Steve Spagnuolo and Andy Reid

Source: abclocal.go.com

Andy Reid is a sinner for allowing Steve Spagnuolo  to become a Saint.  A New Orleans Saint, that is.  On Thursday evening, Jay Glazer of Fox Sports reported via twitter that Spags has agreed to run the Saints’ defense in 2012.

It was around this time last year when every Eagles fan let out a collective “WHAT THE <fill in expletive here>?!” when Andy Reid and the Philadelphia Eagles announced that Juan Castillo was the defensive coordinator.

For the second year in a row, I find myself reacting the same way over the apparent decision to keep him.

The fact that an Eagles spokesman told Les Bowen of the Philly Daily News that Castillo will be in Mobile, Alabama next week for the senior bowl, pretty much confirms he’ll remain with the team (and presumably in his current role).

I can’t help but think back to Jeff Lurie’s press conference a couple weeks ago when he stated that the Eagles are chasing teams like the Green Bay Packers and New Orleans Saints.  As a matter of fact, here are his exact words (transcript from CSNPhilly.com):

I thought we had a very good team, but I regarded Green Bay and New Orleans as the teams holding the last two trophies and I thought they were the most formidable teams in the NFC. I still believe that.

And here we are, almost three weeks after the season ended and the only thing that has happened is the firing of secondary coach Johnnie Lynn.  Meanwhile, the Saints are not even a week into their offseason and they’ve already replaced their departed DC with arguably a better one.

So, if Lurie thinks the Saints were already formidable, what must he think now?  Is that “unacceptable” Jeff?

There is still the possibility that Reid has his eye on somebody else and that Spagnuolo was never really a consideration.  Todd Bowles is a name that has surfaced as a possibility because apparently he was on Reid’s short list of candidates last year.

However, is it really wise to bring in another coach that doesn’t have experience as a coordinator?  In what is most likely a do-or-die year for Reid, that would seem awfully dumb.

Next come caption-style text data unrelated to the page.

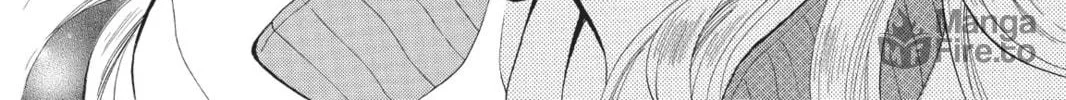 Read Arisa chapter 39 image 69 on Lezhin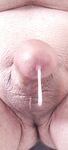 Cumshot: 14 Nude Pics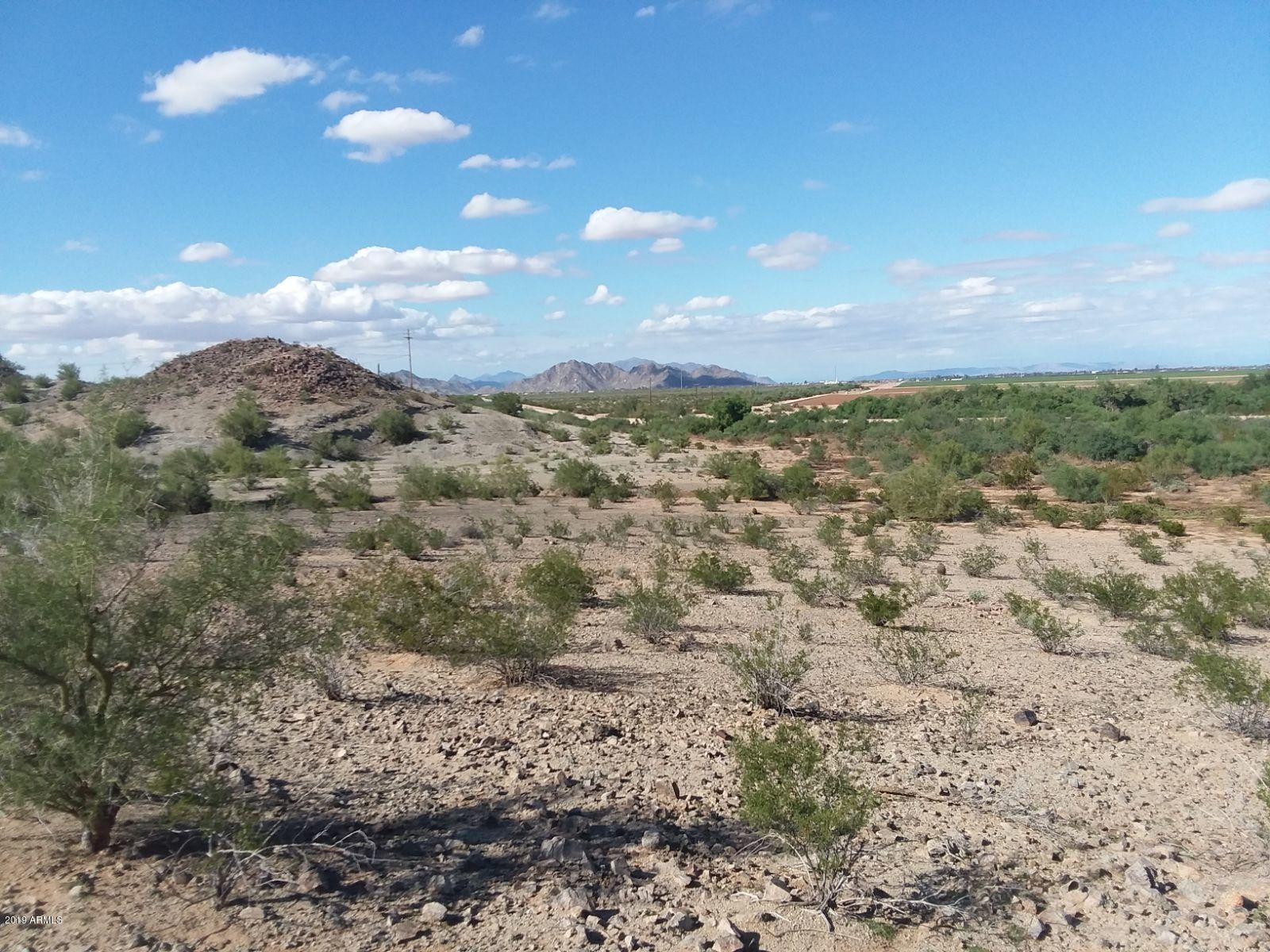 5647 North Ralston Road, Unit A Maricopa, AZ 85139 - Photo 6 of 6 Resized_20181016_143944_1363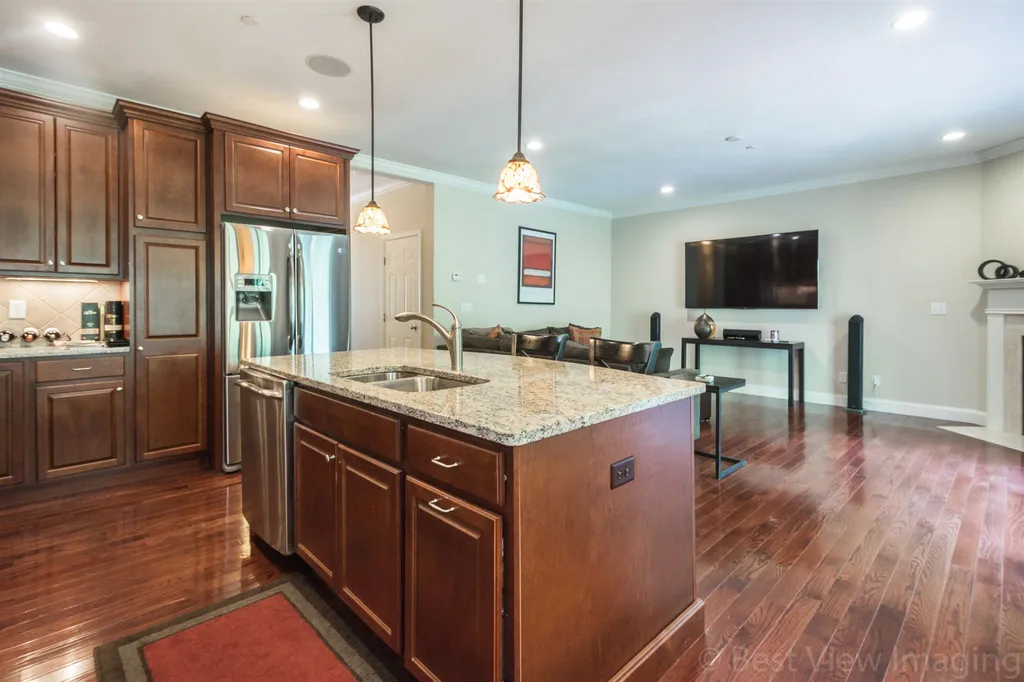 4c Manor Drive Hooksett NH 03106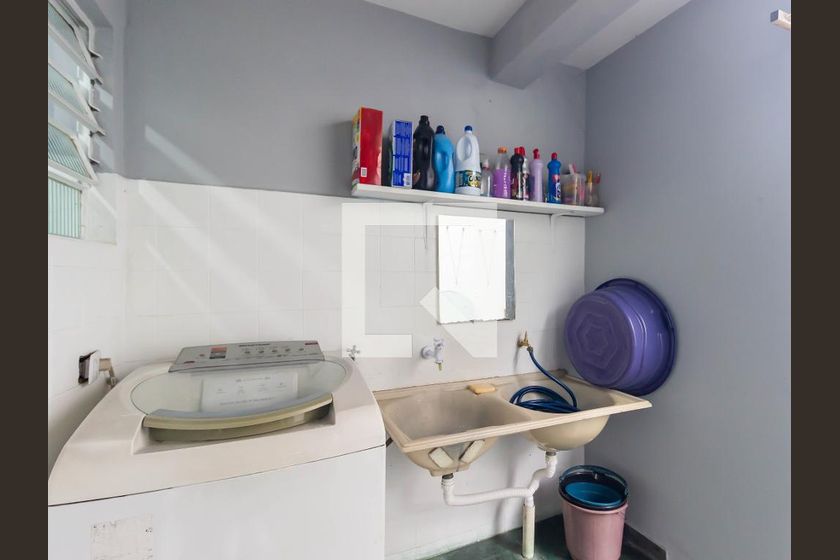 Casa, 3 quartos, 154 m² - Foto 38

That’s why we should all get comfortable with the term “continuity.”  It’s a term I brought up before the season finale and still believe in today.

While I’m severely disappointed that Spags isn’t coming to Philly, the more level-headed part of me realizes that keeping Castillo is better than bringing in an inexperienced defensive assistant.  In my eyes, the only two coaches who I would have replaced Castillo with were Spags and Mike Nolan.

Now that both of them are off the market, Castillo is the best option for next season.  And maintaining continuity is a huge part of that reasoning.

Look, it’s not the end of the world that we didn’t get Spags.  The Eagles can still be successful with Castillo running the defense next season.

Let’s list a few reasons for optimism as to why we shouldn’t panic if Castillo is the Juan running the defense again next year:

1. As inexperienced as Castillo was, he still ended up with the No. 8 defense (total yards).
2. Asante Samuel will be gone.  Yes, this is a good thing for the defense.
3. They can, and will, add a better middle linebacker.
4. They could acquire a better safety.
5. DE Brandon Graham will be fully recovered and could be a force.
6. DT Antonio Dixon will be back.
7. All the young guys will be in their 2nd season.
8. There will be a full offseason this year.
9. Castillo will progress as a schemer and play-caller.
10. Offensive turnovers were the biggest problem on this team anyway.

The biggest thing that needs to happen now is for the players to believe in Castillo; believe in his scheme, believe in his play calling, and believe in his game plan.  They may have finally started to do just that during their four game end-of-season “fools-gold run.”

Also, the biggest help to the defense next year should come from the offense and special teams.  If they can dramatically reduce the number of turnovers, it will help the defense considerably.

The only team that had more turnovers this year than the Eagles’ 38 was Tampa Bay, who turned it over 40 times (and they were brutal).  Of the four remaining playoff teams, the most turnovers any team has is 24.  You can’t tell me that if the Eagles had 14 less turnovers, the season wouldn’t have turned out differently.

As long as they can get themselves on the plus-side of the turnover differential, tackle better, and add a couple of key pieces, the defense should at least be “good enough” for a run next year.

Ultimately, Andy Reid made his bed last year when he hired Castillo and now he has to sleep in it for one more year.  If they fail to at least make the NFC Championship game, both coaches will be gone.

Furthermore, if they don’t make a serious run next season, 100% of the blame will rest on Reid’s shoulders, not Castillo’s.  In other words, should they fail next year, it will be due to deeper problems than not replacing Castillo.